Notons enfin, dans le même esprit, les déclarations plutôt surprenantes de Claude Bebear, fondateur du géant mondial de l’assurance, AXA, connu en France comme le « parrain du capitalisme français ». Dans une réunion de l’Académie, un club qui rassemble des chefs d’entreprise et experts comptables, il a ainsi déclaré : « Notre économie vit sous une bombe, la Bourse est devenue totalement spéculative, c’est une loterie qui ne représente pas du tout la valeur d’une entreprise » et qu’on repart « dans des bulles spéculatives ». Questionné sur la solution possible à cette situation, il prédit lui aussi que « tout partira des Etats Unis ».
Lors de sa conférence de presse mensuelle du 27 octobre, Dominique de Villepin a annoncé sa décision de faire « une pause » dans la politique de privatisation. Après les autoroutes, la SNCM et la privatisation, certes limitée, d’EDF, le Premier ministre n’a pas annoncé de date pour celle, déjà prévue, d’Aéroports de France. En outre, il a déclaré que la privatisation de la poste et de la SNCF n’était pas à l’ordre du jour.

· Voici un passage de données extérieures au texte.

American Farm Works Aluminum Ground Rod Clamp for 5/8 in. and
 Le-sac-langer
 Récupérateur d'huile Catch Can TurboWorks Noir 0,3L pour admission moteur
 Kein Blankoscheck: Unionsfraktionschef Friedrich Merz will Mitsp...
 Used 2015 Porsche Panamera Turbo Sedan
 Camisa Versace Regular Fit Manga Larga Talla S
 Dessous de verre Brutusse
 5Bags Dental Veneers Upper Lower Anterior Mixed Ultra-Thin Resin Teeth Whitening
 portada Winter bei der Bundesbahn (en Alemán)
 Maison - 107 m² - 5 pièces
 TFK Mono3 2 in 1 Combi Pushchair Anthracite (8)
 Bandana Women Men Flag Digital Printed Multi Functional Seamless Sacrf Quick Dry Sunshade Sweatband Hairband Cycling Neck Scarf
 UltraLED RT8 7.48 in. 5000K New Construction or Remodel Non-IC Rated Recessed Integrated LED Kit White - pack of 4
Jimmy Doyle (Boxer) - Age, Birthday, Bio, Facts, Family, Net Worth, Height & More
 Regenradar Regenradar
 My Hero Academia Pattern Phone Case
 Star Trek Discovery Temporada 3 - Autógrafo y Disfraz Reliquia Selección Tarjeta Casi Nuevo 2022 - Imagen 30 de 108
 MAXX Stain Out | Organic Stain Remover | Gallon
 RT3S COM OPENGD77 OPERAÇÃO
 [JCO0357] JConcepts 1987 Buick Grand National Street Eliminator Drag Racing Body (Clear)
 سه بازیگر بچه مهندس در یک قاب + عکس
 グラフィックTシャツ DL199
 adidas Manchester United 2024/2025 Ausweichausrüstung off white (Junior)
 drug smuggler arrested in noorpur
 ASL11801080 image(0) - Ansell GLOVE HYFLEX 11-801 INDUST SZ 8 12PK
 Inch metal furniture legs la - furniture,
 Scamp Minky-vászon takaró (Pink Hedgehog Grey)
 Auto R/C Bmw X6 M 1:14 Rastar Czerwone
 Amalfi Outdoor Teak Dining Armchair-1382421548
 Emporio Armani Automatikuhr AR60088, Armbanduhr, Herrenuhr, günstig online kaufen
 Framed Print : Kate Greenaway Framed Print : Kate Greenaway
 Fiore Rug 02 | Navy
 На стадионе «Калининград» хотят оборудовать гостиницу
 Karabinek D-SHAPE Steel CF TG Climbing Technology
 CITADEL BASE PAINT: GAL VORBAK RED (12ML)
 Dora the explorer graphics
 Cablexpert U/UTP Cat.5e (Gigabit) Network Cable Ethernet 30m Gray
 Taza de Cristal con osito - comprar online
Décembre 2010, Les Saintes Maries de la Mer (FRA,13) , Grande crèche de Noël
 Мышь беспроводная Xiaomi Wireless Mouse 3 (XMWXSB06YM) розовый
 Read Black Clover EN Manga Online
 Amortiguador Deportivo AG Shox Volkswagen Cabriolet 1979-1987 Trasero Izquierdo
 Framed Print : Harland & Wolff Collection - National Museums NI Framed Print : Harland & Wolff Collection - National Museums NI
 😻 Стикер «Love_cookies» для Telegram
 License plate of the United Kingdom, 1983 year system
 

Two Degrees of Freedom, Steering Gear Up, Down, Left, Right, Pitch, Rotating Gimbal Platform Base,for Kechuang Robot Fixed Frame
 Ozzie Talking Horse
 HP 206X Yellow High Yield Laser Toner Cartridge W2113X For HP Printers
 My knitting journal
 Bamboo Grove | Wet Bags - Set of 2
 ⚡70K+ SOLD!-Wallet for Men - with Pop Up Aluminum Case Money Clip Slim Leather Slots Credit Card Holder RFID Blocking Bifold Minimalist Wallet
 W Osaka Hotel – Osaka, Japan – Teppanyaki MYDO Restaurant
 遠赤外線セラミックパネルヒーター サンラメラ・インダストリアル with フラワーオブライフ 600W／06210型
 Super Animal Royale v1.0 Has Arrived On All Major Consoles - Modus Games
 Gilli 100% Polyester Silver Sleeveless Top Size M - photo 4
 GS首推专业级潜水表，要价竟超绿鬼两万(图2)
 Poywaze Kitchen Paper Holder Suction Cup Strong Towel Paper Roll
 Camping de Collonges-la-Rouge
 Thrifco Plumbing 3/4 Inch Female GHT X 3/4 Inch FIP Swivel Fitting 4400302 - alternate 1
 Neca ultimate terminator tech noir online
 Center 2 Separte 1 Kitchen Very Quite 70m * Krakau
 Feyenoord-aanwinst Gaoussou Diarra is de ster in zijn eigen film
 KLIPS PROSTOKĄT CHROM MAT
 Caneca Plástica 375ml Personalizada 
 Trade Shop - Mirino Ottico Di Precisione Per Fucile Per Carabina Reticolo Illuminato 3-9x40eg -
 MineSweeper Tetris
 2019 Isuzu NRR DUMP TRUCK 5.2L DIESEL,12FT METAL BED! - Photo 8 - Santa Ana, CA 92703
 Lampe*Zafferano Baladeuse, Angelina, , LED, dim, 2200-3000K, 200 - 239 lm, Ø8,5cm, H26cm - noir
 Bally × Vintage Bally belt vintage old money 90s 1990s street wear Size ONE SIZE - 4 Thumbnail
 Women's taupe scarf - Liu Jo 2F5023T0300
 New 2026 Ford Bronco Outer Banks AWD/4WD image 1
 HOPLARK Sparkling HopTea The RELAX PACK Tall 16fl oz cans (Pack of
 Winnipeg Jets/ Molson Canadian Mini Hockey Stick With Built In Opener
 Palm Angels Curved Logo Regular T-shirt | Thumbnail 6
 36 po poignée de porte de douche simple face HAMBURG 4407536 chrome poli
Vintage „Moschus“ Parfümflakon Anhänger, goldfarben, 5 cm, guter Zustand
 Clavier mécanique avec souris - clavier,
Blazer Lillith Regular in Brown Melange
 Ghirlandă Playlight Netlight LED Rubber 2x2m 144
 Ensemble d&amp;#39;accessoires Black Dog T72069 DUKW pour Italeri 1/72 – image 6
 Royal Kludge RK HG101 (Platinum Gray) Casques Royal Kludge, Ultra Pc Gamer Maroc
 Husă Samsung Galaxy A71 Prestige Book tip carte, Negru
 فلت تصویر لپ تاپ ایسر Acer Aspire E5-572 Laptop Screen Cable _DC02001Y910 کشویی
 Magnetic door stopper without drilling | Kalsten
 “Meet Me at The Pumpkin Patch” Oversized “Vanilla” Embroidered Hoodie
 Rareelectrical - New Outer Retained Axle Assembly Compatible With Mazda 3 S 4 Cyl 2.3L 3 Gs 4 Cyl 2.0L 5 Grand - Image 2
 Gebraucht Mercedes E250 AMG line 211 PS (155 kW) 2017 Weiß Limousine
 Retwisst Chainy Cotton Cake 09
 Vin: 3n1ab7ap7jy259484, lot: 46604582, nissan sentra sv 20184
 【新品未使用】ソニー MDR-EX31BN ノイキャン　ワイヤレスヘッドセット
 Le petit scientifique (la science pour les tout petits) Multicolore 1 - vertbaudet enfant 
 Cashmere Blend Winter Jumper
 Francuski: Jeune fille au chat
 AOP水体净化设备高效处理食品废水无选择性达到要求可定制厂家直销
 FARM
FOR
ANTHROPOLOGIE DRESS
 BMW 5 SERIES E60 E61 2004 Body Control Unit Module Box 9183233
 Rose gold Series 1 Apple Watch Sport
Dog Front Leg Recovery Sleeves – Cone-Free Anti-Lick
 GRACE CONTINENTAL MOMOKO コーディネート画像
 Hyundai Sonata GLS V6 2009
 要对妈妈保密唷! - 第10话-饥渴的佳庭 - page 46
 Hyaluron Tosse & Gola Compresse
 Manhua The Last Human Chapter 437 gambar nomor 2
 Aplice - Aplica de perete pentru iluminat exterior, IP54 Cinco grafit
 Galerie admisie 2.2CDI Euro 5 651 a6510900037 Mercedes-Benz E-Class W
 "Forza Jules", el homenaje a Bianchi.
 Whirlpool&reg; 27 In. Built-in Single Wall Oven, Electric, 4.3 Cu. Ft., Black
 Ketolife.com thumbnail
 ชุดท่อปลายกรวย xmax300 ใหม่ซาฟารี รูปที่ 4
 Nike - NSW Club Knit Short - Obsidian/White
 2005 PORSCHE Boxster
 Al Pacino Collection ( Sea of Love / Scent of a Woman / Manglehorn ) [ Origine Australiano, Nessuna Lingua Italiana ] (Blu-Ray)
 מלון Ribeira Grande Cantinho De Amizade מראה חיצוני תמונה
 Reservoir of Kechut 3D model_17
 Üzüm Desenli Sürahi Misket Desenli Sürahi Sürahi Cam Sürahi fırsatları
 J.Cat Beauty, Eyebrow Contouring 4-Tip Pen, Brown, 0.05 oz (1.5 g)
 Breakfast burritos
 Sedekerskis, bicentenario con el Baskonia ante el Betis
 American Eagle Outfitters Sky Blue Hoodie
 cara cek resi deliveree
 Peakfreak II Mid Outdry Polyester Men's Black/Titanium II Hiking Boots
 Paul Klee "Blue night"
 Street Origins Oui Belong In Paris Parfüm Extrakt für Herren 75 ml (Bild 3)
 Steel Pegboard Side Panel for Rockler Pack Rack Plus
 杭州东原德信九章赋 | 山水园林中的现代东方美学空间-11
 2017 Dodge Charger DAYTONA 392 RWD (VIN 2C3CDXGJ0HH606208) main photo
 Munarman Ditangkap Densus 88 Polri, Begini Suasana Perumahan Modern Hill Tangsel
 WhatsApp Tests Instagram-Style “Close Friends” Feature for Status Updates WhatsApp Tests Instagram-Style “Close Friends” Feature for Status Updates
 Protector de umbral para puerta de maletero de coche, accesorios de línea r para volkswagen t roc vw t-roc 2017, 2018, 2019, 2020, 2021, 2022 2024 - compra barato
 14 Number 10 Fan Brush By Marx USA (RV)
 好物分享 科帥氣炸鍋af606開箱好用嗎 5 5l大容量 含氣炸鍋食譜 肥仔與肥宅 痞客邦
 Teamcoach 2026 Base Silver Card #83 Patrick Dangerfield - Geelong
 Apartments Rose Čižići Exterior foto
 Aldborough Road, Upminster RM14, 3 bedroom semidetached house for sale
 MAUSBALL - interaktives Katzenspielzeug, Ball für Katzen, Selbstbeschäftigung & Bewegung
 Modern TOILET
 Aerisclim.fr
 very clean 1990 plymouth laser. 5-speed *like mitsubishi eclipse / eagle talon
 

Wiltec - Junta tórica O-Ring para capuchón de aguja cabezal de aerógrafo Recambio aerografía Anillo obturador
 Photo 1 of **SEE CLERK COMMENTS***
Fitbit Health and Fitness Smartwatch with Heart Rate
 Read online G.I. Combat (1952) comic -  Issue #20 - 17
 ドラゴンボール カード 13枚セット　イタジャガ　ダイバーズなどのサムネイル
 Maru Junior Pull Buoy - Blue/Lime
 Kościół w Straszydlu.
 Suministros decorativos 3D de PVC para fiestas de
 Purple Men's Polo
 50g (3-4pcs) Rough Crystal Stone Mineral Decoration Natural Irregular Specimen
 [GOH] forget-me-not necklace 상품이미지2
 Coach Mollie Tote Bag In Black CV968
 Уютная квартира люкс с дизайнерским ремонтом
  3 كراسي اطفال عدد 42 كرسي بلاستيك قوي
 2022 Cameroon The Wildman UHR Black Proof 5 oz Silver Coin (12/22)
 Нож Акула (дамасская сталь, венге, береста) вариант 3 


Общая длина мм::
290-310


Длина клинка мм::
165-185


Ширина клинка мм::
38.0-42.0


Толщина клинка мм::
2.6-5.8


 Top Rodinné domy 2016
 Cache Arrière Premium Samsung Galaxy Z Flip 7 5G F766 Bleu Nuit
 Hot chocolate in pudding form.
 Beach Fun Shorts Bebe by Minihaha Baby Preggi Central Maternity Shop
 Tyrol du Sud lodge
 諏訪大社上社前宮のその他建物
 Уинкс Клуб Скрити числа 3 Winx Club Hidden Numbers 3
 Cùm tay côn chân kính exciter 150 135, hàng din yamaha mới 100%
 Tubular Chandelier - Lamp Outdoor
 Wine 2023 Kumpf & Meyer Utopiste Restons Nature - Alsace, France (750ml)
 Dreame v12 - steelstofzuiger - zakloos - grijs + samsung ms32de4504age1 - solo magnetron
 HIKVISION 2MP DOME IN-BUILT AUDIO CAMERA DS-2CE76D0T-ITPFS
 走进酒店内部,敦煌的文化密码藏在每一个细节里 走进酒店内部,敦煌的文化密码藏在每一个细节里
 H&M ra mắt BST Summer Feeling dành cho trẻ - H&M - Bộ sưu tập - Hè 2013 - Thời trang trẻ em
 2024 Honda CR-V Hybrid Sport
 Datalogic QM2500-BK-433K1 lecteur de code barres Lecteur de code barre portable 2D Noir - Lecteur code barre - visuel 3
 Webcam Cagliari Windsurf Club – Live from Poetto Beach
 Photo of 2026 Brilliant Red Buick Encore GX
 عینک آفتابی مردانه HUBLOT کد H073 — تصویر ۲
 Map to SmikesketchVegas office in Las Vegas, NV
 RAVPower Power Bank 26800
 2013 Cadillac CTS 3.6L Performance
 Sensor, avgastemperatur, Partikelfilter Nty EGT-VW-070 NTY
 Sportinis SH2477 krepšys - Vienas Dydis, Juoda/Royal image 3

Mais c’est surtout son refus de privatiser Areva (Cogema, Framatome et CEA) qui a fait l’effet d’une bombe, notamment auprès d’Anne Lauvergeon, PDG d’Areva, dont le seul objectif était la préparation à cette privatisation et qui n’aurait même pas été informée de cette décision par le Premier ministre. Dominique de Villepin a ainsi tracé « la ligne rouge à ne pas dépasser » en matière de privatisation, jugeant qu’ »il y a certains services publics dont l’activité est mercantile, mais dont l’importance stratégique est nécessaire pour l’indépendance nationale ». C’est une nouvelle claque pour Nicolas Sarkozy, qui avait annoncé en 2004, alors qu’il était encore ministre de l’Economie, que 35 à 40 % d’Areva seraient privatisés.